Two sets of leadership qualities exist for the leader – a) internal and b) the expression of those internal qualities. Ranking high on the list of leadership qualities are: integrity, truthfulness, unselfishness, humility, patience, and wisdom.

Integrity expresses itself in consistency (and not perfection), equal treatment of people, practicing one’s moral core, blamelessness, and faithfulness. People do not expect perfection from their leaders, for they realize they will make mistakes. Rather how a leader responds to mistakes sets an example of genuine leadership. Recognizing and taking action rather than denying or covering up mistakes or shortcomings shows courage and strength – positive qualities people find attractive and willing to emulate.

Truthfulness expresses itself in speaking and acting truthful. One can only speak and act when there exists an inner moral core. Such a moral core does not rest on a “my truth versus your truth” mentality. Rather, as Chuck Colson recognized, truth is normative. [1] There are indeed absolutes, and people look for a moral core for guidance in their personal and professional lives rather than for chaos, confusion, and anarchy.

An unselfish leader does not seek his own way first. Rather a leader’s thoughts and motives are toward those led. Unselfishness does not neglect care for oneself or self-reflection. Such care and reflection means attending to moral, emotional, and physical fitness. In attending to these, one can lead others well.

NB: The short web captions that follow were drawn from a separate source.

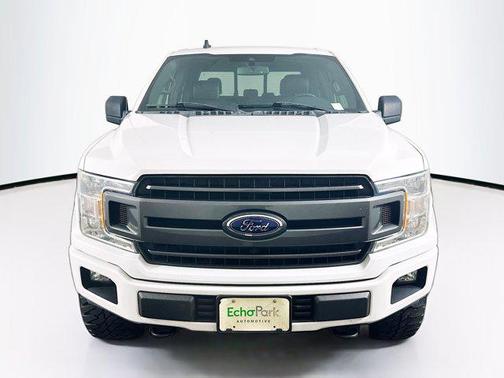 Oxford White 2019 Ford F-150 XLT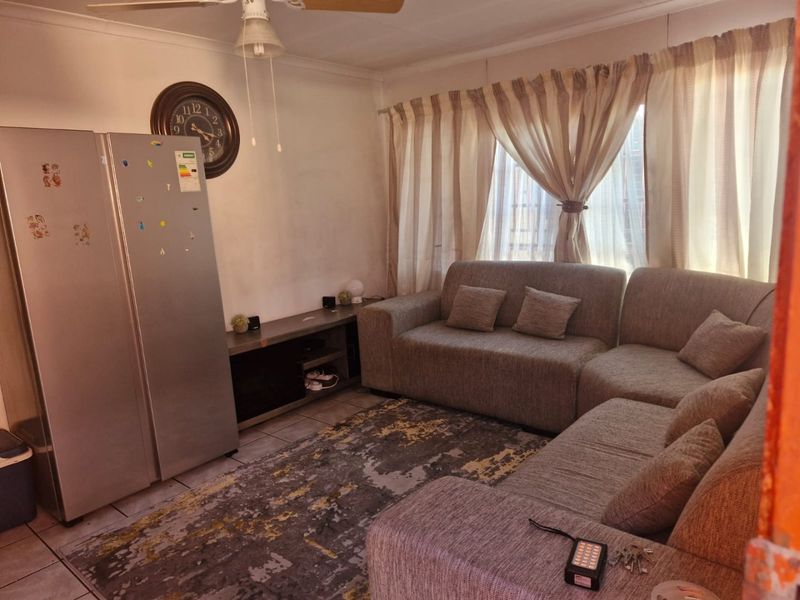 Convenient and Low-Maintenance Living in Karenpark - Photo 3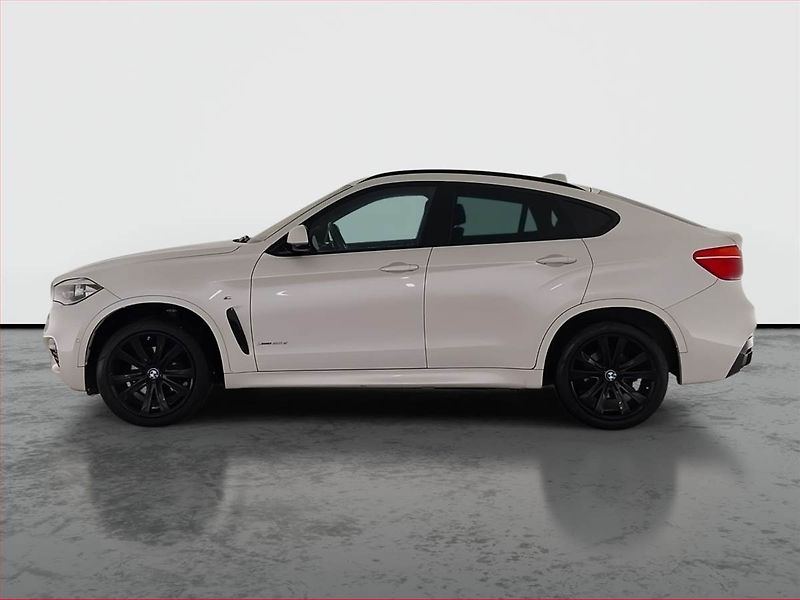 BMW X6 (2016) xDrive30d - fotka 3 z 23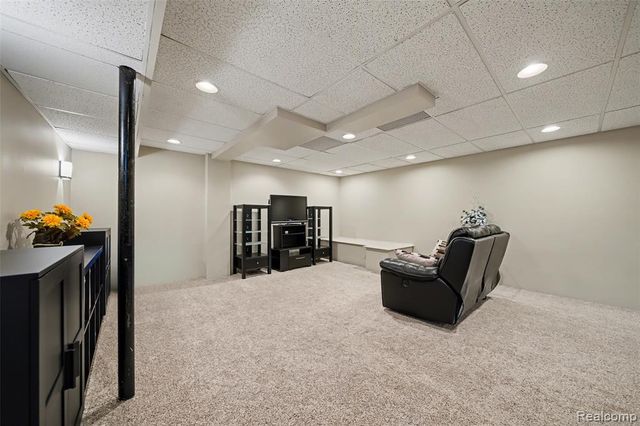 37764 Stableview Drive, Farmington, MI 48335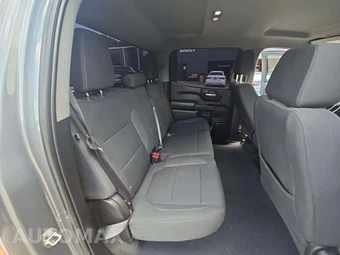 2022 Chevrolet Silverado 1500 LTD Custom Crew Cab Short Bed 1CX - miniatura 13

Humility shows itself in self-control and not attempting to flaunt oneself before others. Flaunting reveals insecurities and an over estimation of oneself that tends to polarize rather than attract people. Humility does not assume a doormat mentality – permitting people to wipe off their shoes on you. Rather, humility integrates inner strength, love and care for people, and standing up selflessly for what is right. Self-control speaks to the inner discipline that recognizes when and where to speak and act.

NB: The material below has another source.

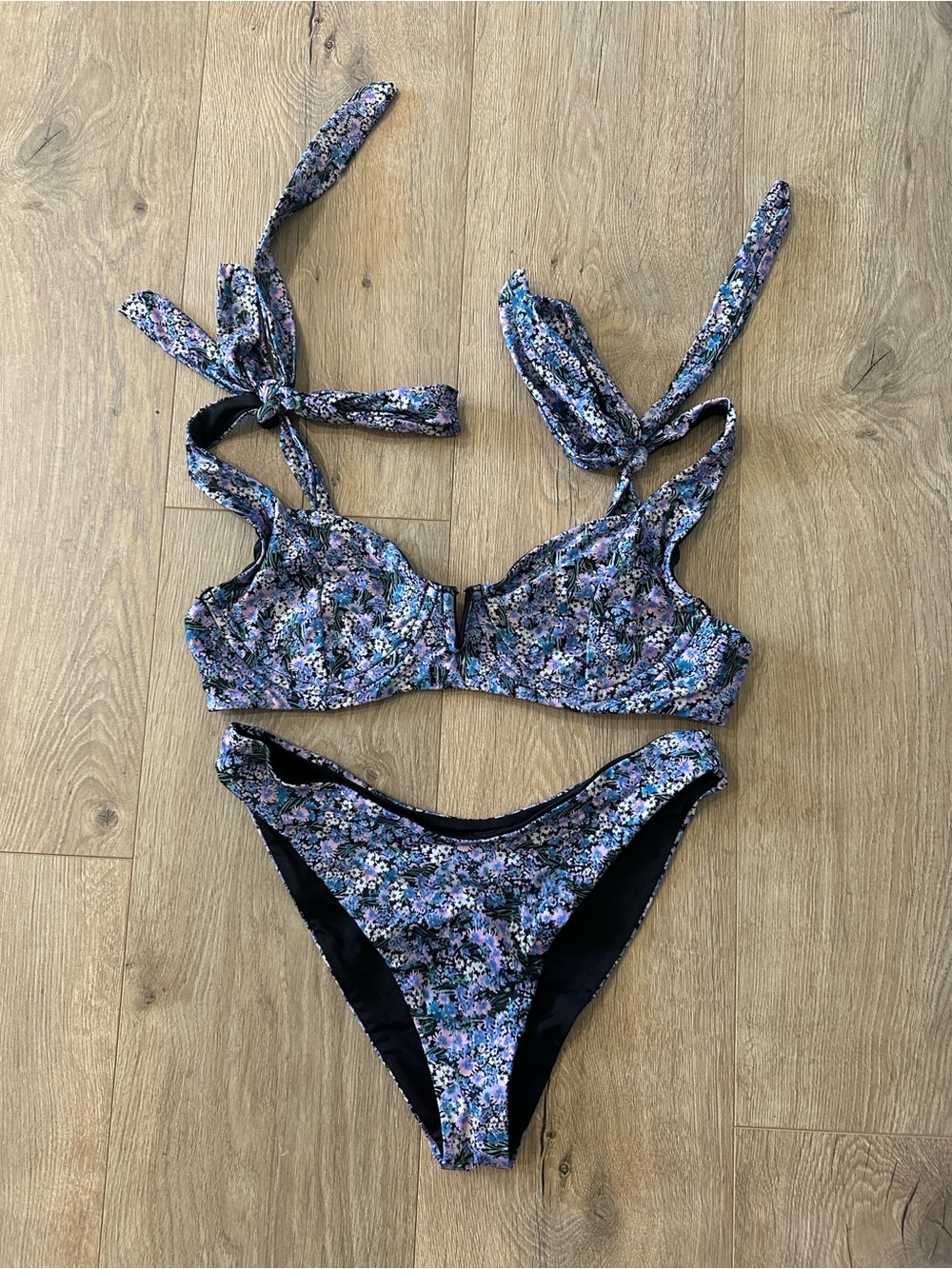 Beach Riot Bikini - Picture 2 of 5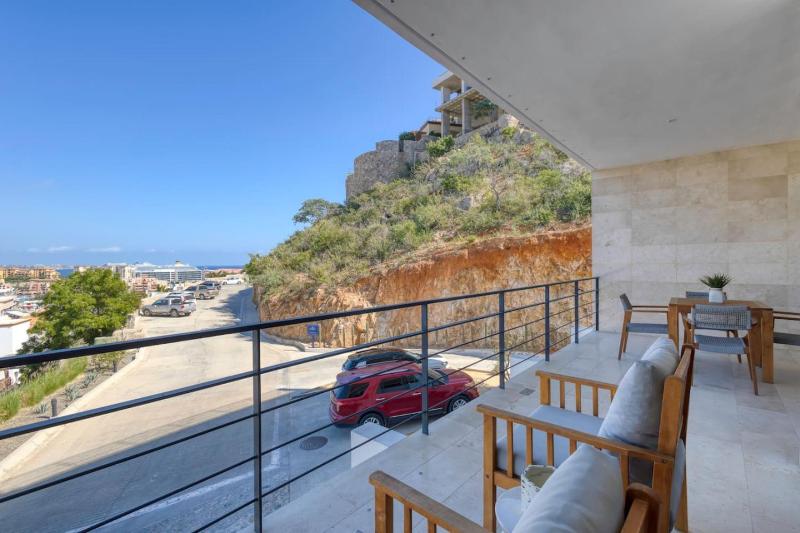 The best views and location 2 BD - image 10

Patience is humility under control. An impatient leader finds declining followers. An impatient leader tends to vent an uncontrolled set of emotions toward others rather than assuming responsibility for those emotions when confronted with the undesirable. Patience is a fruit having its roots in a tamed spirit. Tame does not assume lack of assertiveness but wears the clothing of self-control during confrontation or disagreeable circumstances.

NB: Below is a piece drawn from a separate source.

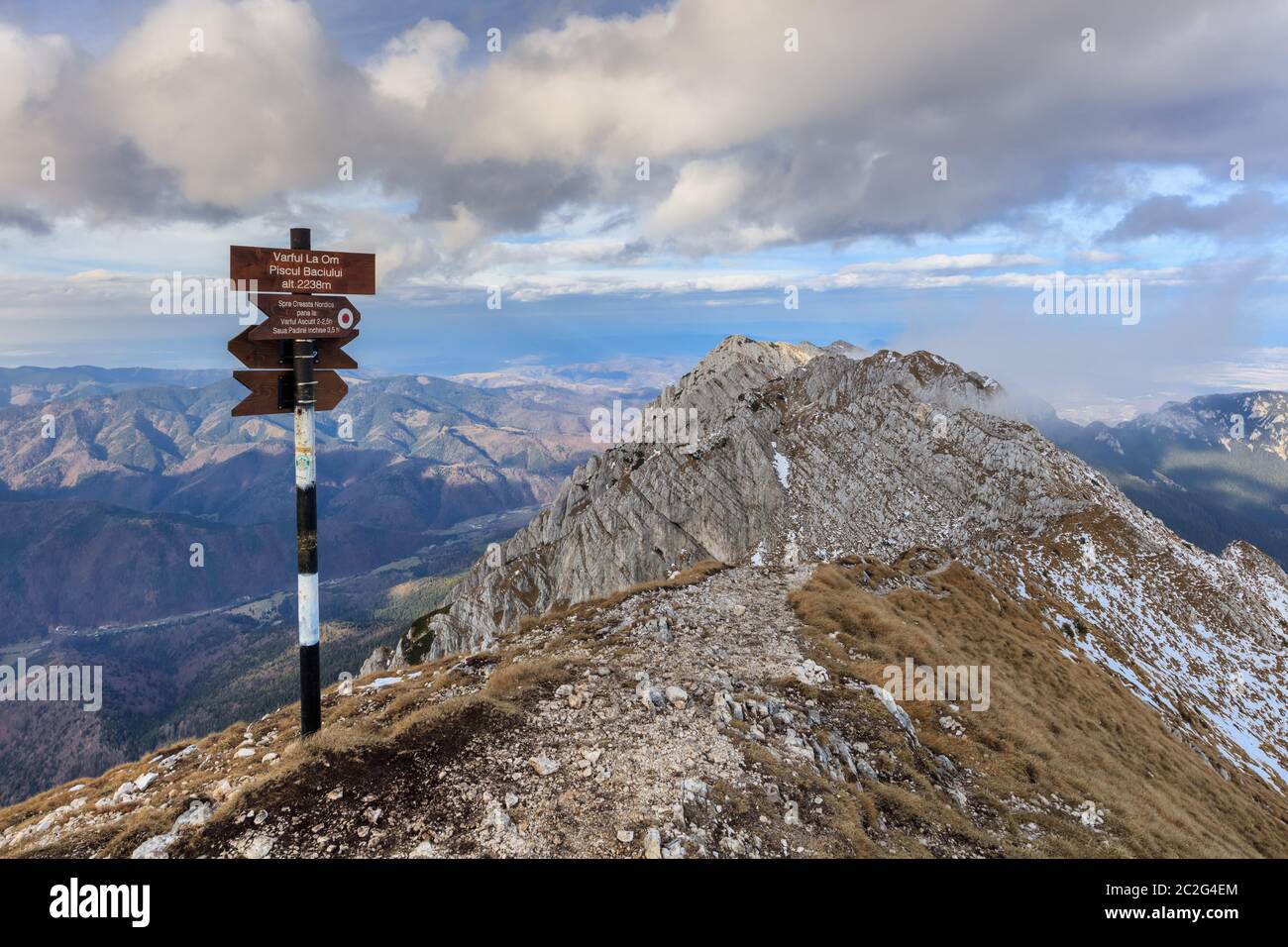 La om Peak (Piscul Baciului) 2238m. Les montagnes Piatra Craiului, Roumanie Banque D'Images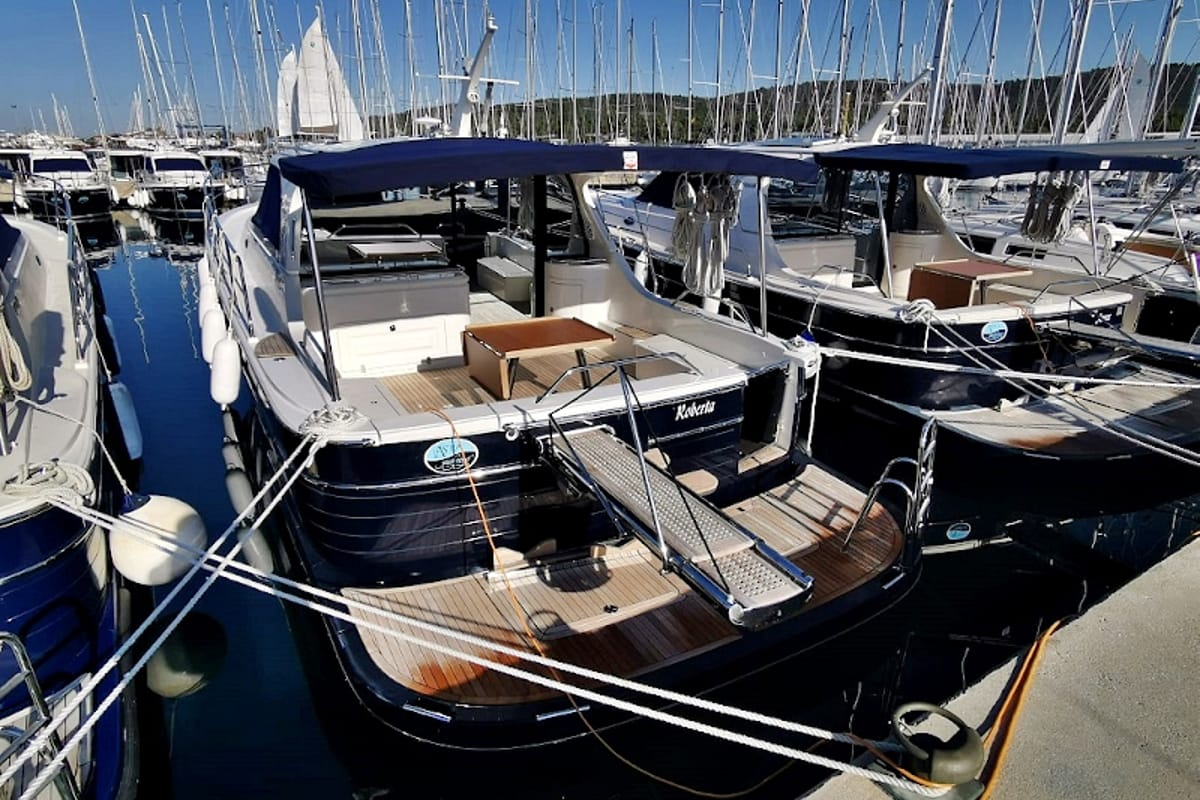 Exterior view of Roberta, a SAS - Vektor Adriana 44 yacht at Općina Sukošan, Croatia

Wisdom is the cup that draws from all of the above springs of ethical leadership. It rests on the foundations of truth and integrity, does not drink at the well of self-seeking, and finds its home in humility and patience. Above all, it feeds on the fear of God. This fear is a deep respect for Him and all He is and does. When wisdom latches on to the fear of God, it unlocks the door to a strong and abiding faith and hope in His providence. This produces strength of character and leads down the path of spiritual rewards beyond any earthly ones. It also provides an ethical core without which a people will soon do “what is right in their own eyes” (Judges 21:25) while taking the road to chaos and anarchy.

[1] Colson, Charles W., The Problem of Ethics in Christian Ethics Today: Journal of Christian Ethics, Spring 2004, Online Edition.